Exercise \(\PageIndex{1}\): What is Area?
You may recall that the term area tells us something about the number of squares inside a two-dimensional shape.
- Here are four drawings that each show squares inside a shape. Select all drawings whose squares could be used to find the area of the shape. Be prepared to explain your reasoning.

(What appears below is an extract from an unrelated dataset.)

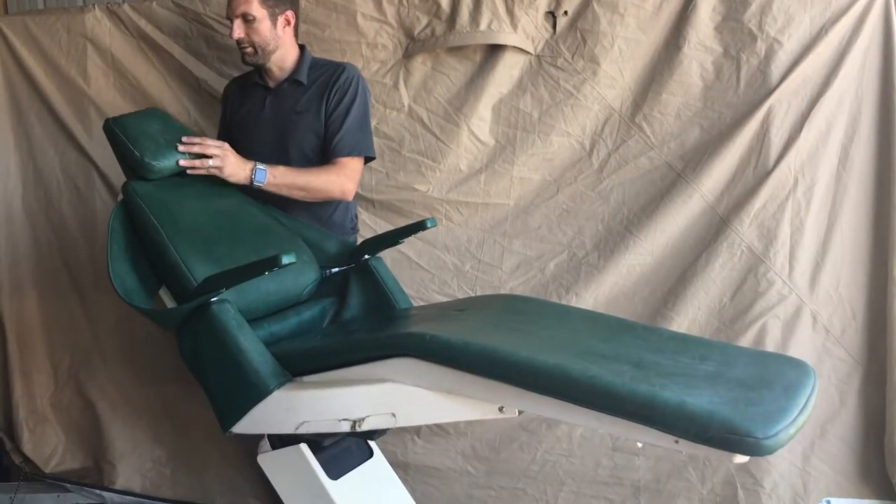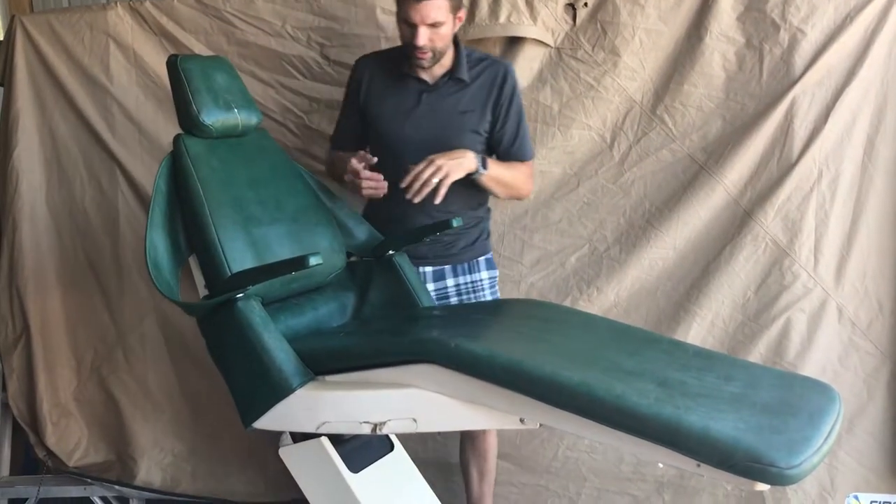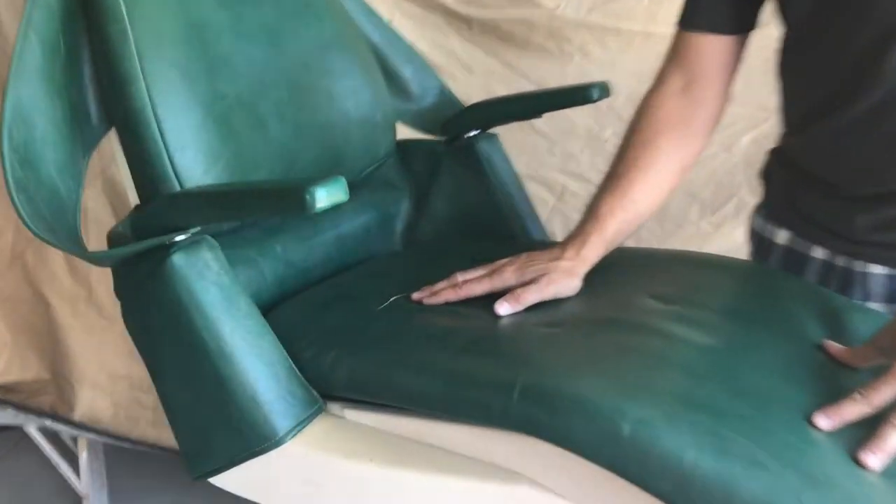The blemishes I'm going to point out: the headrest has some upholstery issues, the seat has a little bit — if you come on and take a look at that right there. And the side here has some trim that's come out.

- Write a definition of area that includes all the information that you think is important.
Exercise \(\PageIndex{2}\): Composing Shapes
This applet has one square and some small, medium, and large right triangles. The area of the square is 1 square unit.
Click on a shape and drag to move it. Grab the point at the vertex and drag to turn it.
- Notice that you can put together two small triangles to make a square. What is the area of the square composed of two small triangles? Be prepared to explain your reasoning.
- Use your shapes to create a new shape with an area of 1 square unit that is not a square. Draw your shape on paper and label it with its area.
- Use your shapes to create a new shape with an area of 2 square units. Draw your shape and label it with its area.
- Use your shapes to create a different shape with an area of 2 square units. Draw your shape and label it with its area.
- Use your shapes to create a new shape with an area of 4 square units. Draw your shape and label it with its area.
Are you ready for more?
Find a way to use all of your pieces to compose a single large square. What is the area of this large square?
Exercise \(\PageIndex{3}\): Tangram Triangles
Recall that the area of the square you saw earlier is 1 square unit. Complete each statement and explain your reasoning.
- The area of the small triangle is ____________ square units. I know this because . . .
- The area of the medium triangle is ____________ square units. I know this because . . .
- The area of the large triangle is ____________ square units. I know this because . . .
Summary
Here are two important principles for finding area:
- If two figures can be placed one on top of the other so that they match up exactly, then they have the same area.
- We can decompose a figure (break a figure into pieces) and rearrange the pieces (move the pieces around) to find its area.
Here are illustrations of the two principles.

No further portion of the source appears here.